Opinion
2014-10-28
Lydia MOJICA, Plaintiff–Respondent, v. METRO–NORTH COMMUTER RAILROAD COMPANY, Defendant–Appellant, Metropolitan Transportation Authority, et al., Defendants.
Landman Corsi Ballaine & Ford P.C., New York (William G. Ballaine of counsel), for appellant. Seiden & Kaufman, Carle Place (Steven J. Seiden of counsel), for respondent.
Landman Corsi Ballaine & Ford P.C., New York (William G. Ballaine of counsel), for appellant. Seiden & Kaufman, Carle Place (Steven J. Seiden of counsel), for respondent.
FRIEDMAN, J.P., RENWICK, MANZANET–DANIELS, FEINMAN, KAPNICK, JJ.
Order, Supreme Court, New York County (Kathryn E. Freed, J.), entered October 21, 2013, which, insofar as appealed from, denied the motion of defendant Metro–North Commuter Railroad Company (Metro North) for summary judgment dismissing the complaint as against it, unanimously affirmed, without costs.

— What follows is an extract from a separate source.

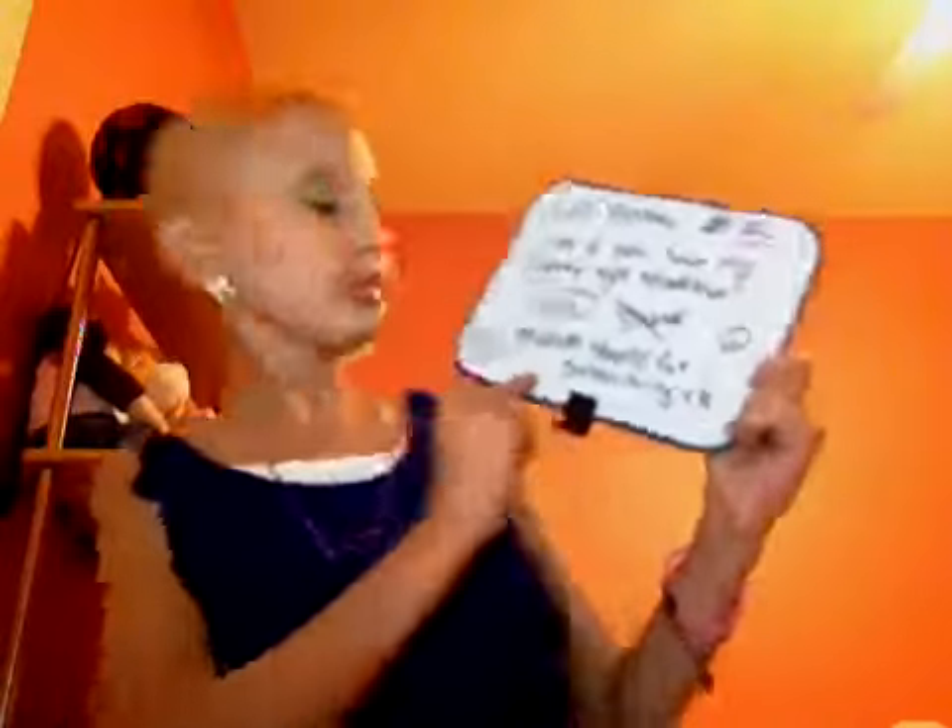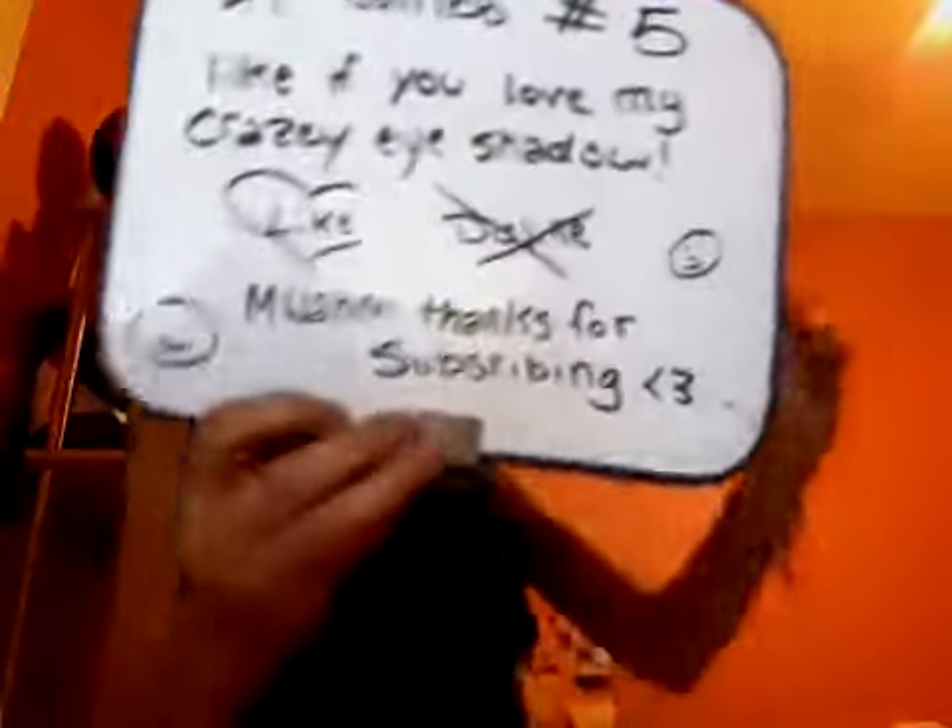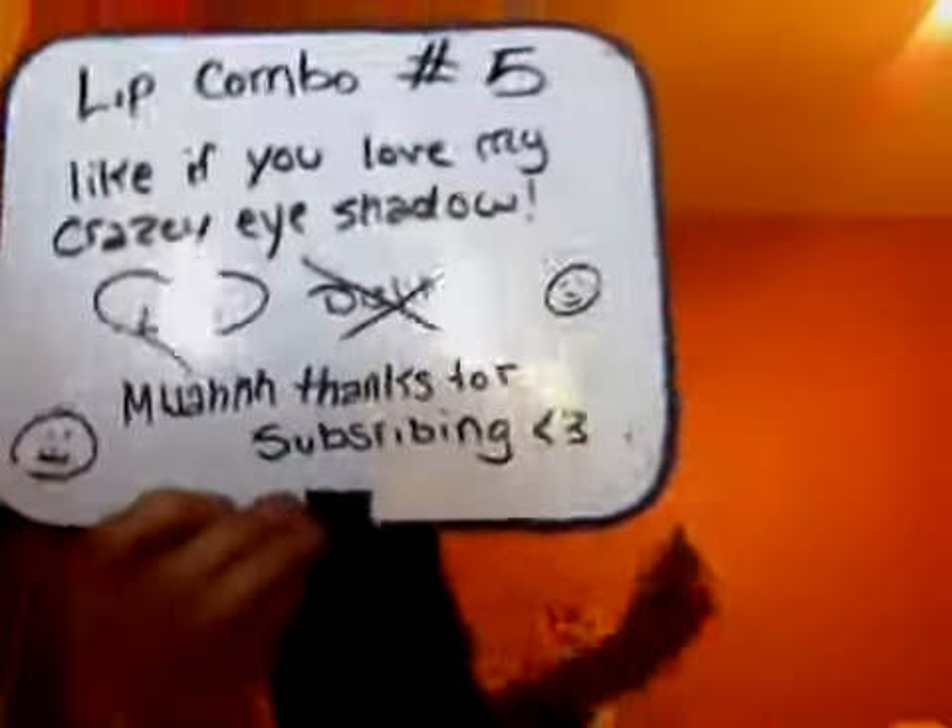Alright guys, thank you for watching this lip combo, and remember — lip combo, lip combo, everybody loves the lip combo. Bye guys!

Metro North did not establish its entitlement to judgment as a matter of law, in this action where plaintiff was injured when she allegedly slipped and fell on a patch of ice located inside a pedestrian tunnel underneath the railroad overpass owned and maintained by Metro North. The evidence submitted by Metro North failed to demonstrate that it lacked actual or constructive notice of the hazardous icy condition. Indeed, Metro North's annual inspection reports since the summer of 2008 show that it was aware that precipitation would result in water seeping through the overpass and leaking into the tunnel from the ceiling and walls. Accordingly, a jury could conclude that the allegedly negligent maintenance of the structure by Metro North caused the condition at issue ( see Lebron v. Napa Realty Corp., 65 A.D.3d 436, 884 N.Y.S.2d 37 [1st Dept.2009] ).
We have considered Metro North's remaining contentions and find them unavailing.